Los sindicatos de mineros y electricistas, el municipio autónomo de San Juan Copala, la Coordinadora Nacional de Trabajadores de la Educación, los grupos prozapatistas y el movimiento lopezobradorista son, en la hora de los matones, otras tantas apuestas por la convivencia civilizada; son la reserva ética del país ante la barbarie, las semillas de la reconstrucción.
navegaciones@yahoo.com - http://navegaciones.blogspot.com/
Bienvenidos al descontrol más peligroso, que no es el de sectores sociales, sino el de los poderes públicos. Al igual que al régimen genocida de Israel, que con una mano en la cintura comete piratería en aguas internacionales y practica a continuación el homicidio y el secuestro de civiles, a los actuales gobernantes de México no los desvela el “qué dirán” ni el “qué harán”. Si los capos han llegado al punto de mandarse a asesinar o a secuestrar entre ellos (dicen que Mouriño murió en un accidente, que Beltrán Leyva se resistió al arresto y que el secuestro de Fernández de Cevallos tiene un propósito meramente económico), lo de menos es aplastar a un sindicato, asfixiar un municipio autónomo, eliminar a un líder social incómodo o fabricar delitos contra ciudadanos en principio inocentes, como los alcaldes y funcionarios estatales y municipales de Michoacán detenidos hace cosa de un año en una redada de inocultables tintes electoreros. Da la impresión de que si este desgobierno federal no se ha empeñado más a fondo en la represión de los movimientos sociales opositores, ello no es por escrúpulos legales o de imagen, sino porque en su orden de prioridades va primero la disputa contra otros poderes fácticos.
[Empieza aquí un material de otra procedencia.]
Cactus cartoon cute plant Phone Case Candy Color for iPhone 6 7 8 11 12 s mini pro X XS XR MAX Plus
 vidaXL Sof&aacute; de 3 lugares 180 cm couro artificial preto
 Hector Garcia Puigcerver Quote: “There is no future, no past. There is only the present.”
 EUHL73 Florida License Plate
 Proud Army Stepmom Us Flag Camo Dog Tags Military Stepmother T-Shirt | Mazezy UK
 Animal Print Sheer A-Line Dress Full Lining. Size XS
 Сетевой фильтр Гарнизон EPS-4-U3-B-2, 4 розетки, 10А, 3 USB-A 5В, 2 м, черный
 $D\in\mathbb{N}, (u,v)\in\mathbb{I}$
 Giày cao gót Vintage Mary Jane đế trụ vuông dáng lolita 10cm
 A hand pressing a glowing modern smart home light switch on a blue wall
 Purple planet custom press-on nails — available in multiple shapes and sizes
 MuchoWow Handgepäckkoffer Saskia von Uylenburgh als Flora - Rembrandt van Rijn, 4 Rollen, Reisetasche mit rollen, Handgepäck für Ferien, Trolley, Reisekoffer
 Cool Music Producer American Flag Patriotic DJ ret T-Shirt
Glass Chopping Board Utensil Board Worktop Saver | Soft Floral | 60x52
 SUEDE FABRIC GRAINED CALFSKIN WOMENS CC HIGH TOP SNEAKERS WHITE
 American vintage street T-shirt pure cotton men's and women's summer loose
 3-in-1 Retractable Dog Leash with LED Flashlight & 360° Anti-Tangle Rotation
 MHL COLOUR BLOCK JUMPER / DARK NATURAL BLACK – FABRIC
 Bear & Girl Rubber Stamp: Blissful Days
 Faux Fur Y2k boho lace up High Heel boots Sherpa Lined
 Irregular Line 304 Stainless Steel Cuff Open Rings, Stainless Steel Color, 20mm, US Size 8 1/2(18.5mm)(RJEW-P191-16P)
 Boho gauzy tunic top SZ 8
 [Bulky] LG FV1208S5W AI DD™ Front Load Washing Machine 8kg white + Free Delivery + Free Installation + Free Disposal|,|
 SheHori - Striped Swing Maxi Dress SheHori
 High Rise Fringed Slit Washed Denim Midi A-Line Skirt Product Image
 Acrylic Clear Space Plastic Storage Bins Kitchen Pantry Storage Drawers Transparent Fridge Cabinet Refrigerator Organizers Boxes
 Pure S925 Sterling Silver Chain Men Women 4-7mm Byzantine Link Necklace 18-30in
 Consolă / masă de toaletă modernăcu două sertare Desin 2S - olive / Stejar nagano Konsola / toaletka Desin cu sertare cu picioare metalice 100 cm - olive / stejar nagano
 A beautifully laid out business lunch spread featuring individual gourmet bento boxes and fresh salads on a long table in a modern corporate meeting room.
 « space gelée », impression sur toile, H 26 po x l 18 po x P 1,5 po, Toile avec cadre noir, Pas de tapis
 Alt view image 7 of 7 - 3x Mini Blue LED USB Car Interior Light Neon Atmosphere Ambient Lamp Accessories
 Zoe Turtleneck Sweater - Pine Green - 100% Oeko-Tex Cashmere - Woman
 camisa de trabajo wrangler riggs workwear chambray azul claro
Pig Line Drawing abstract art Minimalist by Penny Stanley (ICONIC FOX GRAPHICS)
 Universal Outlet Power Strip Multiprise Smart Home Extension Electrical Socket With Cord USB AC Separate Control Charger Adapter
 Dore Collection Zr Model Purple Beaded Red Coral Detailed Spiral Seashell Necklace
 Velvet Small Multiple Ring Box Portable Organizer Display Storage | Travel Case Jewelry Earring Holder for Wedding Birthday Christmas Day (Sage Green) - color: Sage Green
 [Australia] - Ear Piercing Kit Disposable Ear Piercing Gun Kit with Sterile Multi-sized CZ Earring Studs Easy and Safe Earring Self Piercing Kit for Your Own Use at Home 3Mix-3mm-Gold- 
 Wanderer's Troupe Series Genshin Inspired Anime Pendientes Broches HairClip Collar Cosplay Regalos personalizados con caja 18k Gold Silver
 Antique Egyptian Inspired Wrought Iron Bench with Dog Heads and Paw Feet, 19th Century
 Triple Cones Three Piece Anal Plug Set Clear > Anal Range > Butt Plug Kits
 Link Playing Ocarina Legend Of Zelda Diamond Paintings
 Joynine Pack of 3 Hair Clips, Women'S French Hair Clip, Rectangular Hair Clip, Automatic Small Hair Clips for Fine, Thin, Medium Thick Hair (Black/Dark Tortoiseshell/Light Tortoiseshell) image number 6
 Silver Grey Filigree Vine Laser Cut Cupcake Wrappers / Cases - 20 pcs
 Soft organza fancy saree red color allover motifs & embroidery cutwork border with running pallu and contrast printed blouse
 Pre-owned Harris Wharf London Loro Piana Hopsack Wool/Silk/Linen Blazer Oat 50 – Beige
A fin de cuentas, el tan profetizado estallido violento de 2010 ya empezó –incluso antes de este año– y no es bonito: no fue una sublevación obrera, campesina y popular, ni una guerrilla desafiante, sino la irrupción de ejércitos del narcotráfico que ya dominan extensas zonas del territorio nacional y que se enfrentan a las fuerzas armadas en combates en regla. A su manera, el poderío de la delincuencia es resultado de la depauperación, la miseria, la marginación, la corrupción federal, estatal y municipal, el desempleo, la cerrazón política, la destrucción del Estado desde sus puestos de mando, el saqueo de bienes nacionales y de recursos naturales, el abandono de los sistemas públicos de educación y salud, la claudicación de la soberanía; en suma, el saldo de la secuencia de gobiernos neoliberales Salinas-Calderón.
En esta circunstancia nacional trastornada los movimientos políticos, sociales y sindicales, empeñados en la defensa de la legalidad y en la transformación pacífica del país, cobran una relevancia central: son los únicos elementos de civilidad cuando el resto de los actores –incluidas corporaciones privadas y gobiernos federal y estatales– experimentan un corrimiento hacia la criminalidad y se disputan, a plomazos y levantones, el control del territorio. A pesar de los empeños oficiales por criminalizarlas, la resistencia y la organización popular son, por hoy, los únicos instrumentos visibles para mantener abierta la vía política –aunque no necesariamente la electoral– y recuperar la legalidad, rota por los grandes intereses empresariales y por los delincuentes, con o sin cargo oficial.
Los sindicatos de mineros y electricistas, el municipio autónomo de San Juan Copala, la Coordinadora Nacional de Trabajadores de la Educación, los grupos prozapatistas y el movimiento lopezobradorista son, en la hora de los matones, otras tantas apuestas por la convivencia civilizada; son la reserva ética del país ante la barbarie, las semillas de la reconstrucción.